Book Review : The World According to Mathematics

Mathematics and the Unexpected by Ivar Ekeland (Chicago: $19.95; 146 pages)

The changes that science has wrought over the last several centuries have been pervasive and spectacular. First we think of technology: airplanes, electricity, telephones, computers, radio, antibiotics and the like. It is an impressive and virtually endless list.

But the changes do not stop there. Modern science has also engendered a revolution in the way we look at the world. Since Isaac Newton showed that the laws of mechanics and physics could be expressed mathematically--a stunning achievement--we have adopted the view that mathematics can describe most things.

This view is not nearly as well founded as classical mechanics, but it has a powerful hold on thought. Economists, for example, are unwilling to give up their effort to describe and predict human behavior mathematically though their efforts have met with virtually no success.

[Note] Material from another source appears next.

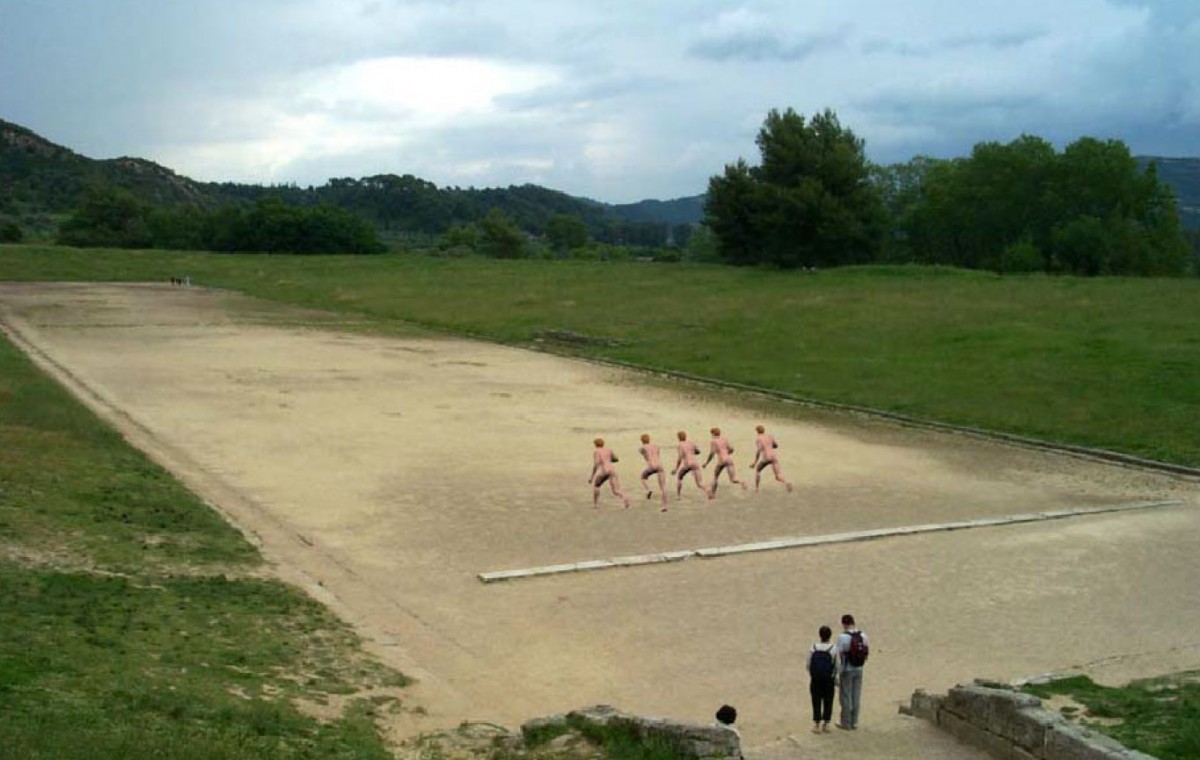 Fig. 3. Image of the Augmented Reality app “Archaeoguide” in ancient Olympia.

This failure should not be surprising, for it turns out that not even classical mechanics--the paradigm of a mathematically predictable system--is as successful as it is cracked up to be.

Unanswered Questions

“The most basic questions have gone unanswered since Newton’s time,” Ivar Ekeland writes in “Mathematics and the Unexpected,” a delightful examination of the limits of mathematics in describing the world. “What is the Earth’s true trajectory? Is it gradually nearing the sun, and will it finally be swallowed up? Or is it slowly drifting away, finally to escape into the cosmic vacuum? No one knows.”

This shortcoming is partly a result of computational inefficiency. Since every object in the universe exerts a gravitational influence on every other one--including the Earth--there are simply too many factors to consider in working out the exact trajectory of the Earth around the sun.

But that analysis implies that if only we could build faster computers we could eventually solve the problem. Not so, says Ekeland. The problem is so complicated that it is inherently unsolvable.

“In this century, the development of digital computers has vastly expanded the range and accuracy of predictions in celestial mechanics,” he writes. “But the frontier of feasibility is still there, even though it has been pushed farther away. There are a great many computations that cannot be performed now or in any foreseeable future.”

A Matter of Data

The same is true of economics, though economists will tell you that it’s just a matter of gathering more data and refining their formulas and they will be able to make accurate forecasts. To repeat, “There are a great many computations that cannot be performed now or in any foreseeable future.”

Put aside the social sciences. The limits of mathematics in the natural sciences have become increasingly apparent throughout this century. In the last couple of decades, these limitations have been addressed systematically, starting with the “catastrophe theory” of Rene Thom, a controversial subject on which Ekeland sheds considerable light.

A catastrophe is a major change in a system brought about by a minor change in the starting conditions. This is what makes the weather so unpredictable, though the physical laws that govern it are perfectly known. Nature is deterministic but random.

This is the point that Newton and his intellectual descendants have missed. The future cannot be predicted from perfect knowledge about the present, even if we had the perfect knowledge, which we don’t have and aren’t likely to have. Ekeland writes: “Like the queen of England, determinism reigns but does not govern.”

This does not mean that the scientific enterprise should throw up its hands in despair. Even if perfect knowledge is not attainable, much can be achieved short of that, including a qualitative understanding of the world separate from a quantitative one.

Doesn’t Champion Theory

Though Ekeland explains these ideas very well, he is not an unabashed champion of catastrophe theory. He notes that it, too, has limitations and that it has not lived up to the hopes of its supporters. “In the 20 years of its existence, there has not been a single undisputed success of catastrophe theory in the field of experimental science, that is, an undisputed fact that could be explained more adequately by catastrophe theory than by any other means,” Ekeland coolly observes.

Nonetheless, he argues, the approach has much to commend it, even if it does not accomplish everything. Ekeland places catastrophe theory between determinism and chaos and argues that this is a fruitful realm of science and all thought.

Ekeland is a mathematician at the Univesity of Paris-Dauphine, and his book was first published in French as “Le calcul, l’imprevu. “ It won the 1984 Jean Rostand prize for scientific writing directed to laymen. Now Ekeland himself has translated it into English and provided a most-welcome addition to the literature on this subject. There is much packed into this short book.

This is not the first time in history that the dreams of mathematics have foundered on reality. The Pythagoreans believed that the world was numbers, and they tried to keep it a secret when they found out that it wasn’t.

In our own time, the same secret is again getting out.